Yes..kowloon side, bottom end of Nathan rd there are many tailors (mostly indian gentlemen) who will make you any type of garment. I used to favour a little shop along Mody rd. and there are even more in Tsim Sha Tsui east. 

Fat Sam's is one of the few left that can/will do a suit in 24hrs but last I heard it was expensive. Most of the tailors will throw "extras" (such as a pair of tailor made shirts)

Never accept the 1st price offered, no matter how good it seems. Even if you have to walk away and come back a few hours later. If you are at the star ferry terminal and someone hands you a flyer, don't let them take you to the shop. Walk away, then visit the shop. You get a better deal then.


----------



## bluestar (Oct 14, 2010)

Haha so what I heard was all true!! I'm gonna have to check them out.



dunmovin said:


> Yes..kowloon side, bottom end of Nathan rd there are many tailors (mostly indian gentlemen) who will make you any type of garment. I used to favour a little shop along Mody rd. and there are even more in Tsim Sha Tsui east.
> 
> Fat Sam's is one of the few left that can/will do a suit in 24hrs but last I heard it was expensive. Most of the tailors will throw "extras" (such as a pair of tailor made shirts)
> 
> Never accept the 1st price offered, no matter how good it seems. Even if you have to walk away and come back a few hours later. If you are at the star ferry terminal and someone hands you a flyer, don't let them take you to the shop. Walk away, then visit the shop. You get a better deal then.


----------



## dunmovin (Dec 19, 2008)

bluestar said:


> Haha so what I heard was all true!! I'm gonna have to check them out.

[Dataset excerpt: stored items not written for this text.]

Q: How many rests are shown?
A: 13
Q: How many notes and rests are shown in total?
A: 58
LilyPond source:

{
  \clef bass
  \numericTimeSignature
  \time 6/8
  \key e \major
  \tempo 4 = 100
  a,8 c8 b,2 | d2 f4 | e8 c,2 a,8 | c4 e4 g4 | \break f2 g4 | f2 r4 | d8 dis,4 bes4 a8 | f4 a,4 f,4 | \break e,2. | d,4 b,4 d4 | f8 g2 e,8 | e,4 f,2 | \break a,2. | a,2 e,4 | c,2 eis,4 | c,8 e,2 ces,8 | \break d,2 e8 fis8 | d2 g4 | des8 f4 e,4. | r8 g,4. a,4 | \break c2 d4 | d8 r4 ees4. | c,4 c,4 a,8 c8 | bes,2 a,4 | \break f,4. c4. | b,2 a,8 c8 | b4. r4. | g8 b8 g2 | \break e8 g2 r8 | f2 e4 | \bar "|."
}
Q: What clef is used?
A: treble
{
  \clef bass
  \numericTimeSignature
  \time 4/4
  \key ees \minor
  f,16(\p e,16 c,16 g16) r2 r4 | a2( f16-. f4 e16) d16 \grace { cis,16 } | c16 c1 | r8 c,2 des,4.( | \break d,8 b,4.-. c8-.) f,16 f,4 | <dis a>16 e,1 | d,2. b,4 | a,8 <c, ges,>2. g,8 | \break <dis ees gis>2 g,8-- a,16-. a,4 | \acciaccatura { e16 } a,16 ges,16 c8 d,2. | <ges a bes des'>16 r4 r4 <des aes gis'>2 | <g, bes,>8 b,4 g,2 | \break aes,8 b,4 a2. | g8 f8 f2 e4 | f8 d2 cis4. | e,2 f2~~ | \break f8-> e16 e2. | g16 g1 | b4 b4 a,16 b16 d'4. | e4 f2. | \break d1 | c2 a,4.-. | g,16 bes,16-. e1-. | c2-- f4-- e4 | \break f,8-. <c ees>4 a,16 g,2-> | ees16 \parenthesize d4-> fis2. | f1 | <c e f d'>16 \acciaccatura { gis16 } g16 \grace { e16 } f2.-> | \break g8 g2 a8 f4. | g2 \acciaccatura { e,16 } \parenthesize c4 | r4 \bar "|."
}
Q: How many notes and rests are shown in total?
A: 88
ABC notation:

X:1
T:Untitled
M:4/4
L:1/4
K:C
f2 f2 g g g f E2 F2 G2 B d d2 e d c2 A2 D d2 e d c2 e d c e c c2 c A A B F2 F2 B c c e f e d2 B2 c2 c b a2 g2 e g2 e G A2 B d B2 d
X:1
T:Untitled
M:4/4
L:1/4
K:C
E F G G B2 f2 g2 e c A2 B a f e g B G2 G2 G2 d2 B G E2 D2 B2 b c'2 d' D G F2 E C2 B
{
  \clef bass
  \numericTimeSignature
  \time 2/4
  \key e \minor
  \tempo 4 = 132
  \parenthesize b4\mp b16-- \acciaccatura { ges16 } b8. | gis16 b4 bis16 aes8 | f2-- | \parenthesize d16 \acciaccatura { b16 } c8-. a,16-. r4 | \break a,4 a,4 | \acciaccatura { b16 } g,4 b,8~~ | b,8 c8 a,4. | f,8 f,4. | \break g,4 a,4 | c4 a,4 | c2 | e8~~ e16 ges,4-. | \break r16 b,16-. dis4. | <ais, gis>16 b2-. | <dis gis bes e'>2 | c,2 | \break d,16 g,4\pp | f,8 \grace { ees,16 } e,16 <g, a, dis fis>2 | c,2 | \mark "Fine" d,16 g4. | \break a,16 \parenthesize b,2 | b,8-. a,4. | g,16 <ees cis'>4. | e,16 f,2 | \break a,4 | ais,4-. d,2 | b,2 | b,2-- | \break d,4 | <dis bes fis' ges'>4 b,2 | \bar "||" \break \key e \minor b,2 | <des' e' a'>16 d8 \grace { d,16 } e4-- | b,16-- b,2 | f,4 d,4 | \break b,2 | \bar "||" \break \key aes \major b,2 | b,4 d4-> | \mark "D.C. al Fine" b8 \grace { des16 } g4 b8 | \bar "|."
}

you're going to spend lots of cash.......... thenlearn you can get cheaper(but as good quality in sham sui po or was that the top end of Mong Kok?
13 years there...i learned the HARD WAY


----------



## ljon246 (Oct 15, 2010)

True, If you know where to look and are able to bargain you can find tailors to make good quality suits at affordable prices. Mong Kok definitely has some that are reasonable. Don't let them overwhelm you with too many choices, lot of times they will give you one price and say the fabric you chose is the most expensive so is another price. Dont let them fool you, go in mind with a price you are comfortable with and let them know what is what you want.


----------